The doctor's visit is a happy and revitalizing event for all, including the little sister. They go to Sunday walks and boating, and they play finger games.

At night the moon is lurking behind the clouds, and the wife comes to see the doctor alone. They embrace, and the attraction still seems irresistible, but the doctor struggles against it, and instead gives the wife an injection. She was 16 then, now 24. Her mother had objected, and now that the doctor has returned, things are different.

The husband's heart fails, but he is successfully resurrected by his loved ones surrounding him. They all escort the doctor to the railway station, and he goes away alone.

The ruin is a central visual motif and symbol. Key scenes are shot as silhouettes: in the beginning, the woman alone walking on the ruined city walls, in the end, they all joined together. The composition is beautiful. The use of the moving camera is engaging.

The songs are beautiful and essential in conveying a feeling of community, in English translation "What A Lovely Rose", and "Far, Far Away There's A Pretty Woman".

A study in female subjectivity, in female melancholia.
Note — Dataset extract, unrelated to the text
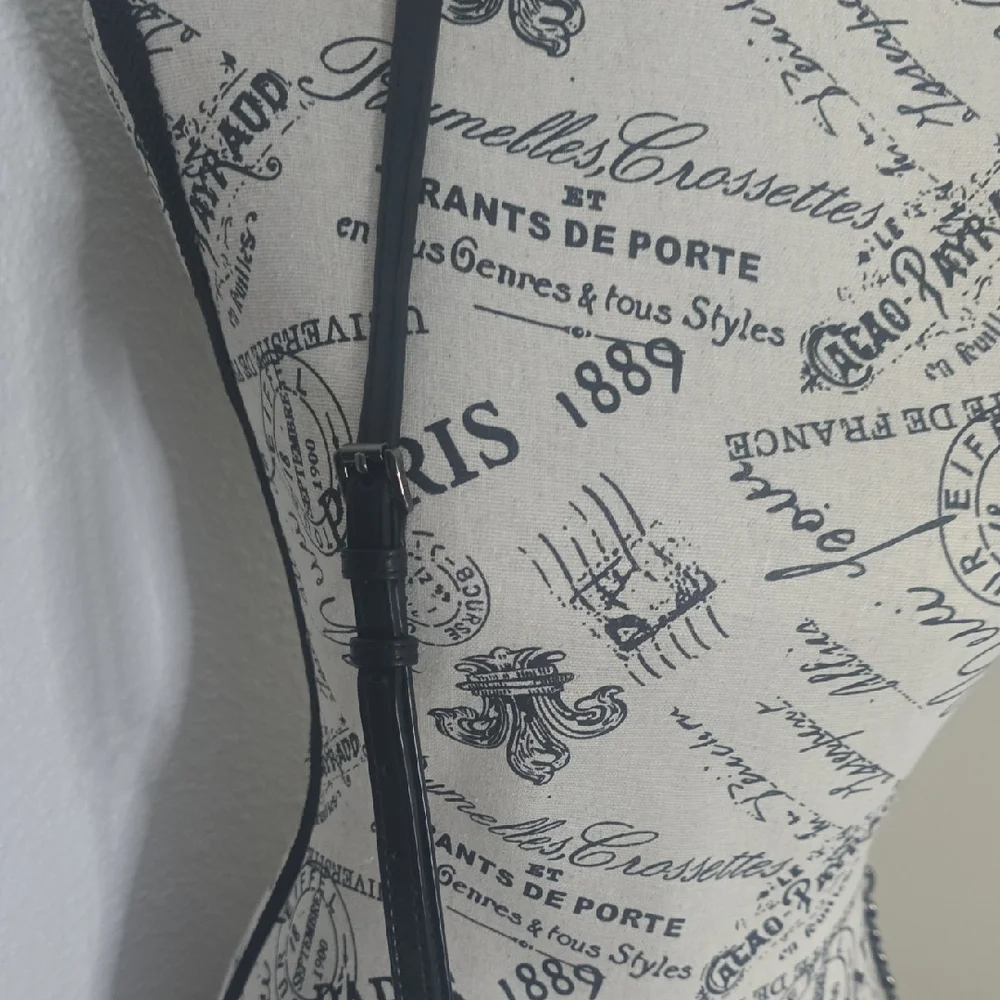 Michael Kors Black Diamond Quilted Crossbody Bag W/ Gunmetal Hardware (EUC)🩶🖤 - Picture 4 of 13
There is a Lady Chatterley quality in the woman's distress, but the solution is different, and the husband's illness is curable. The husband actually asks the doctor to stay ("your presence makes her happy"), but the doctor wants to leave.

The photochemical quality of the print is not perfect, yet it conveys a beautiful sense of the rich balance, the black levels, and the refinement of the cinematography. Unforgettable. I hope to revisit this film, and if they digitize this, I hope they do it with tender loving care, capturing the magic of the refined detail and the sense of light and darkness.